### EXERCISE DESCRIPTION
Leave out the pictures, then return the records word for word.

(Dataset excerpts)
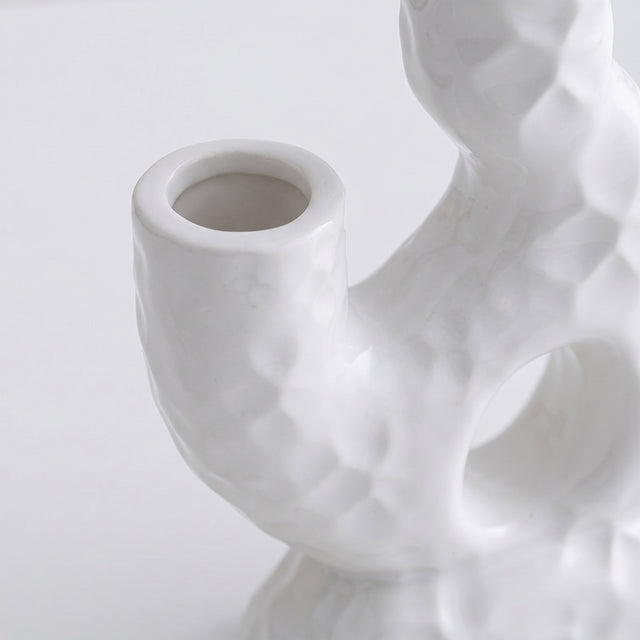Textured Base And Center Cutout Detail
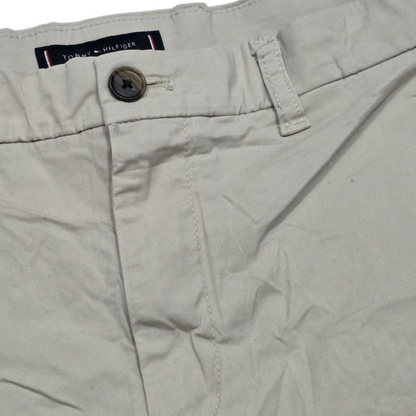Bermuda Tommy Hilfiger Talla 32 Beige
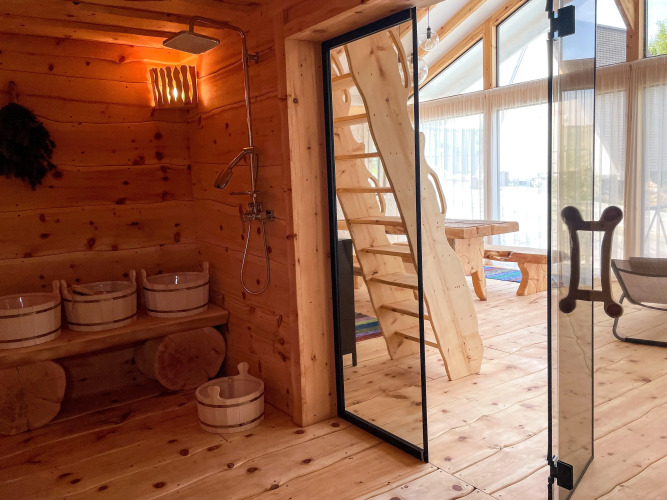 Шале Алтай Пэлас, фото 53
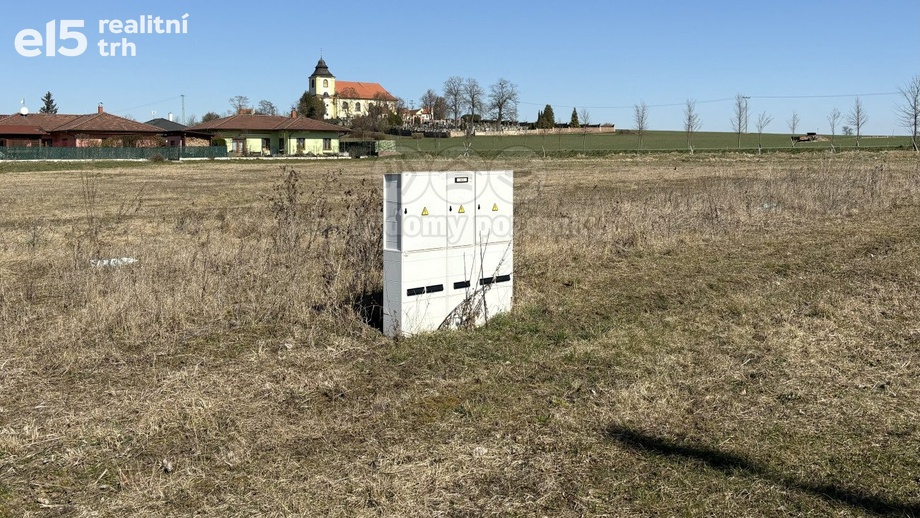 Prodej pozemky pro bydlení, 565 m² - Mikulovice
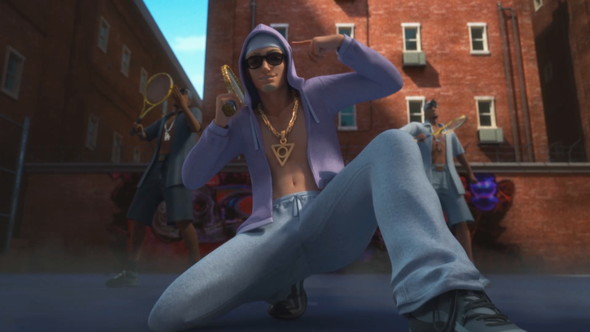 テニスの王子様 テニプリ 新テニ リョーマ 映画 劇場版 ラップ 許斐剛 テニミュ 杉田智和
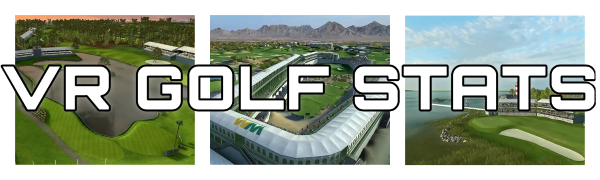 VR Golf Stats
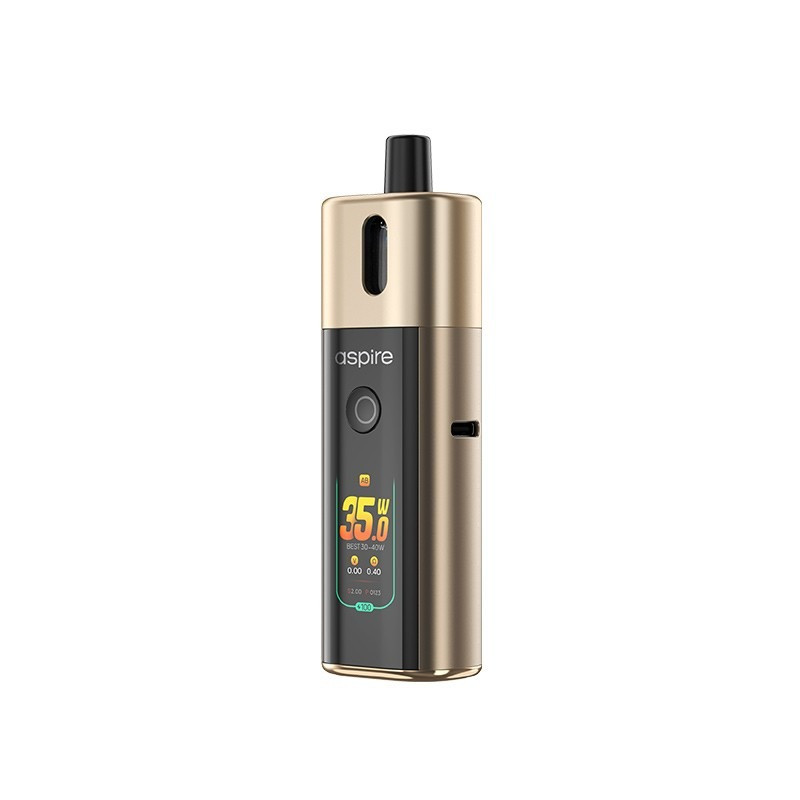 Kit Pod Fluffi Pro de la marque Aspire chez Klopina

### RESPONSE TO THIS EXERCISE
Textured Base And Center Cutout Detail
Bermuda Tommy Hilfiger Talla 32 Beige
 Шале Алтай Пэлас, фото 53
 Prodej pozemky pro bydlení, 565 m² - Mikulovice
 テニスの王子様 テニプリ 新テニ リョーマ 映画 劇場版 ラップ 許斐剛 テニミュ 杉田智和
 VR Golf Stats
 Kit Pod Fluffi Pro de la marque Aspire chez Klopina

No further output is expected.